**Work order:**
Through the last line of the entries, please copy every line exactly, starting with the one that contains "this 1280×720 image.".

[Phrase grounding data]
>>>

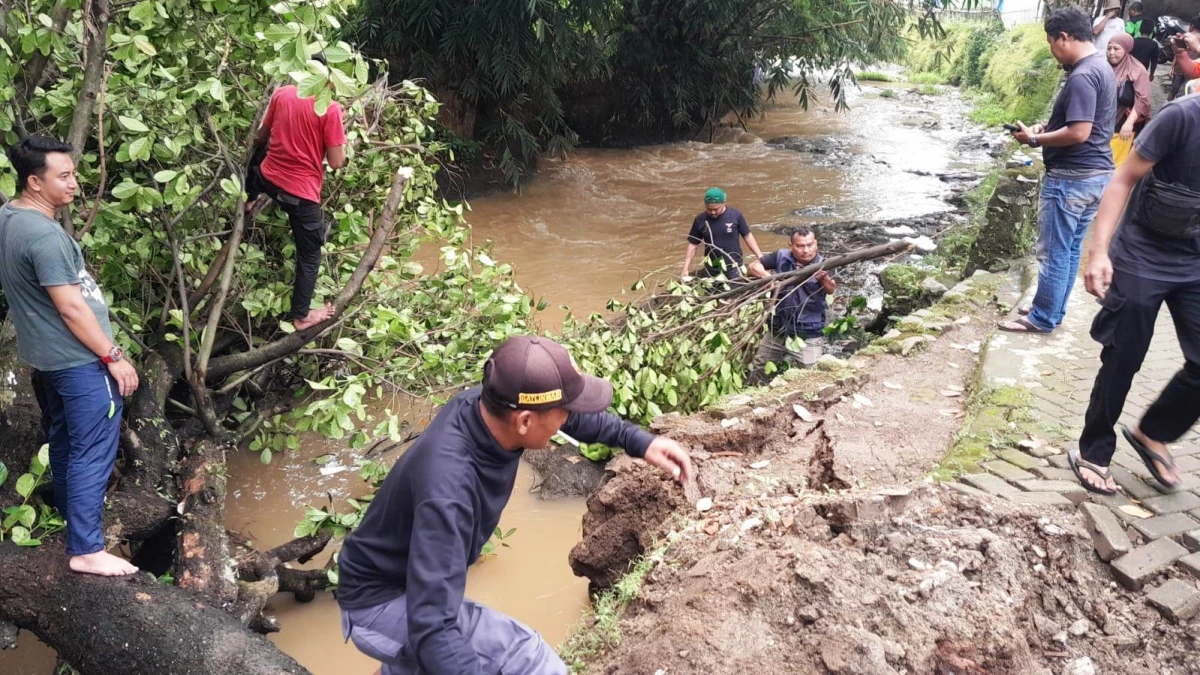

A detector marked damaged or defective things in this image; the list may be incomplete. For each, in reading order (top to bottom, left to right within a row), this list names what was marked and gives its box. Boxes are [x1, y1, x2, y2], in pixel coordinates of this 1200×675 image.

broken concrete slab [1084, 502, 1128, 559]
broken concrete slab [1108, 533, 1185, 586]
broken concrete slab [1142, 578, 1200, 619]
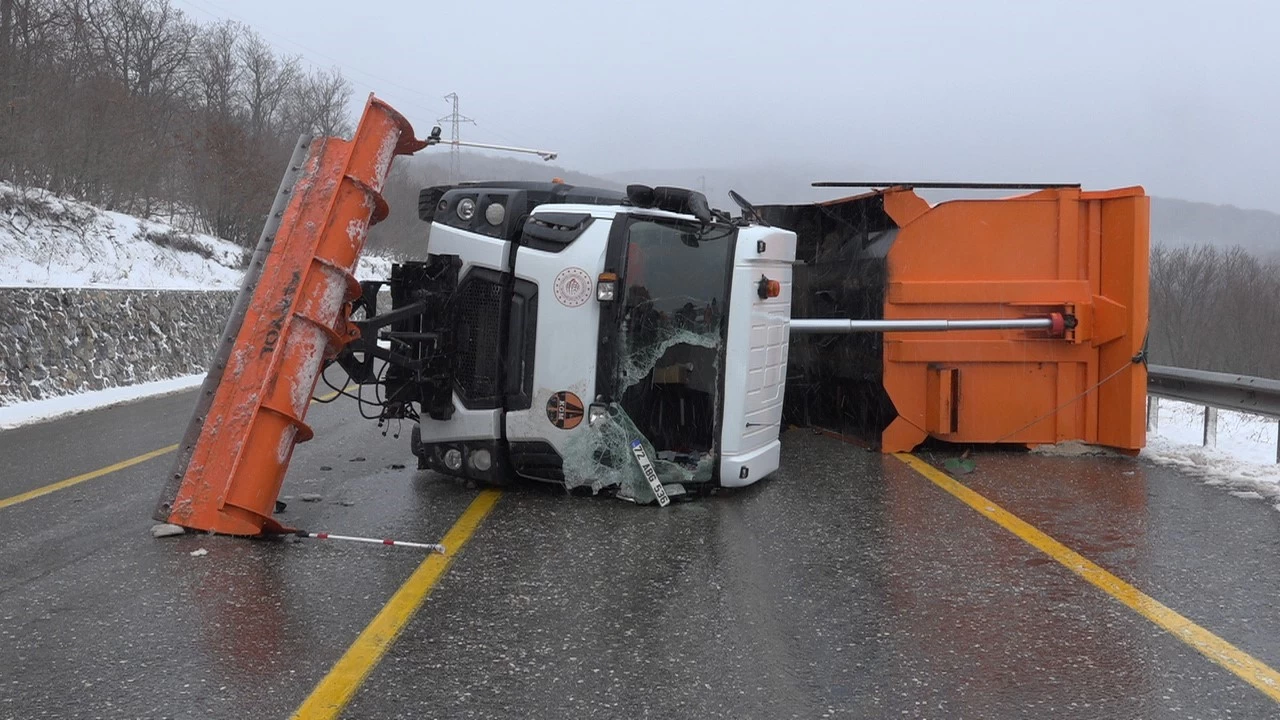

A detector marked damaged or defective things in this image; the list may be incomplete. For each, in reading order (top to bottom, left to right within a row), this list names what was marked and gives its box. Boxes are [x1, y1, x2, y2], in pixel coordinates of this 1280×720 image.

shattered windshield [565, 215, 737, 502]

<<<

**Exercise result:**
A detector marked damaged or defective things in this image; the list may be incomplete. For each, in reading order (top to bottom, left to right within a row), this list names what was marked and gives its box. Boxes are [x1, y1, x2, y2], in pixel coordinates of this 1280×720 image.

shattered windshield [565, 215, 737, 502]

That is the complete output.